Once the moving party has met its initial burden, the nonmoving party must establish "that a fact . . . is genuinely disputed" either "by citing to particular parts of materials in the record," or by "showing that the materials cited do not establish the absence . . . of a genuine dispute." Fed. R. Civ. P. 56(c). "The nonmoving party may not 'rest on mere allegations or denials, but must demonstrate on the record the existence of specific facts which create a genuine issue for trial.' " Mosley v. City of Northwoods, Mo., 415 F.3d 908, 910 (8th Cir. 2005) (quoting Krenik v. Cnty. of Le Sueur, 47 F.3d 953, 957 (8th Cir. 1995)). For purposes of summary judgment, the facts, and inferences drawn from those facts, are "viewed in the light most favorable to the party opposing the motion." Matsushita Elec. Indus. Co. v. Zenith Radio Corp., 475 U.S. 574, 587 (1986) (quoting United States v. Diebold, Inc., 369 U.S. 654, 655 (1962)).

DISCUSSION

I. Due Process

Warnock claims that only the mayor of Canton has the power to issue reprimands, to suspend, and to appoint or remove. For that reason, Warnock asserts that the city manager violated his due process rights when she reprimanded and suspended him.*fn3 Warnock claims that this is an issue of material fact and must be resolved by the jury. Defendants argue that the city manager does have removal authority, that Warnock is an at-will employee with no protected property interest in continued employment, that Warnock received due process even though he voluntarily resigned, and that he did not exhaust his administrative remedies. Finally, defendants state that there is no factual support that defendants acted in a way that shocked the conscience such that Warnock's substantive due process rights were violated. For these reasons, defendants claim that plaintiff does not have a cognizable due process claim against city manager Nelson.

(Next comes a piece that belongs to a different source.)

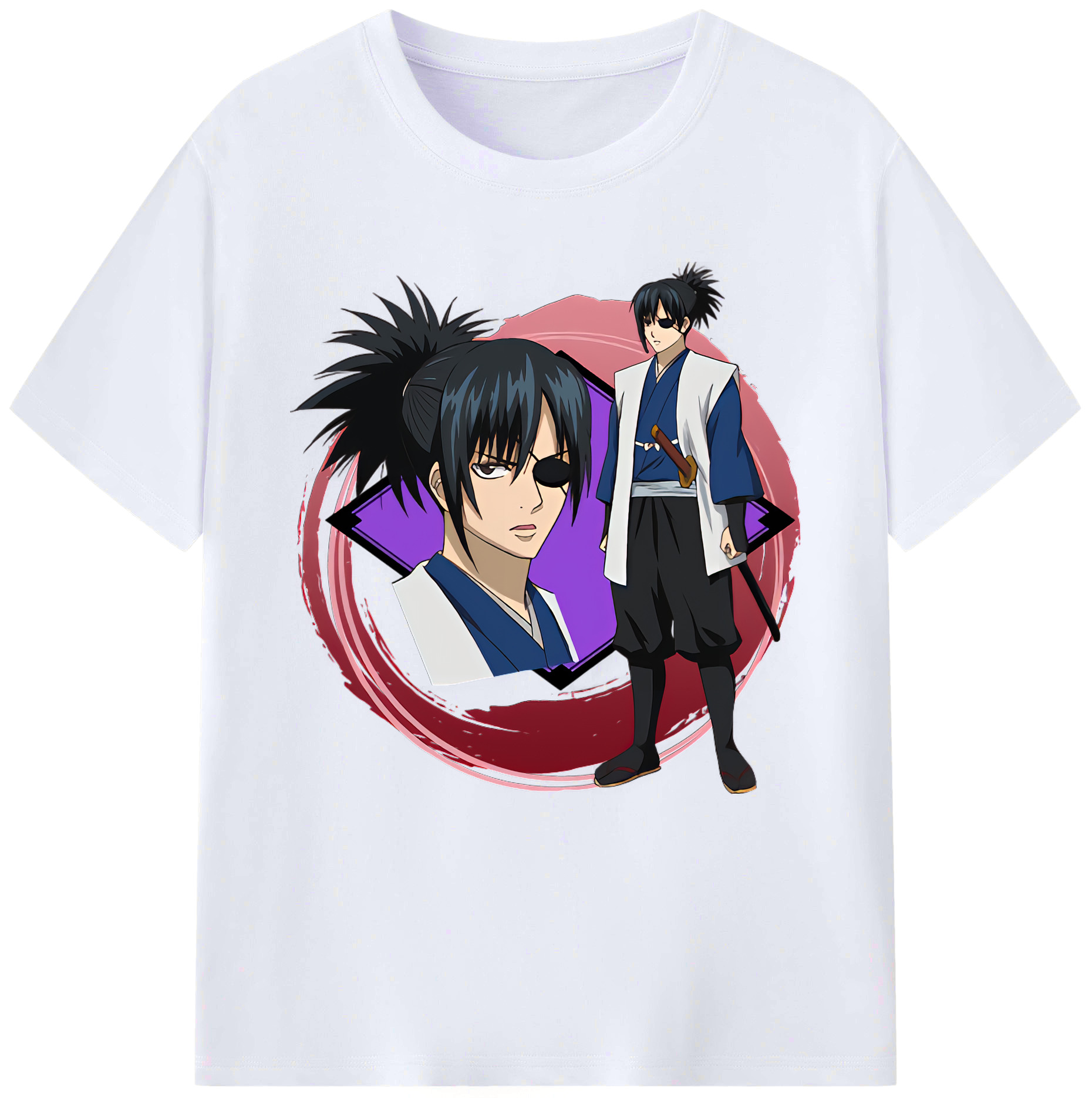 （画像用） ぎんたま 坂田銀時（さかたぎんとき） 神楽 志村新八（しむら しんぱち） GINTAMA Sakata Gintoki Kagura Shimura Shinpachi レディースカジュアルプリントTシャツ（綿100％）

"To establish a violation of procedural due process, a plaintiff must show that he has been deprived of a constitutionally protected life, liberty or property interest." Davenport v. Univ. of Ark. Bd. Of Trs., 553 F.3d 1110, 1114 (8th Cir. 2009) (citation omitted). It is essential to a due process claim that any deprivation of life, liberty, or property be preceded by both notice and an opportunity for a hearing applicable to the nature of the case. Mullane v. Cent. Hanover Bank & Trust, Co., 339 U.S. 306, 314 (1950). When an employee asserts a due process claim, he or she has the burden of establishing that there is a constitutionally protected property interest in his or her continued employment. Mulvenon v. Greenwood, 643 F.3d 653, 657-58 (8th Cir. 2011). "Whether the employee had a legitimate claim of entitlement--and thus, a constitutionally protected property interest--depends on state law and the terms of his employment." Id. at 657 (citing Kozisek v. Cnty. of Seward, Neb., 539 F.3d 930, 937 (8th Cir. 2008)).

"A public employee with a protected property interest in continued employment receives sufficient due process if he receives notice, an opportunity to respond to the charges before his termination, and post-termination administrative review." Young v. City of St. Charles, 244 F.3d 623, 627 (8th Cir. 2001) (citations omitted). The pre-termination process necessary to satisfy due process need not be elaborate, and "even an informal meeting with supervisors is sufficient where the employee is given notice of the charges, an explanation of the employer's evidence, and an opportunity to respond." ...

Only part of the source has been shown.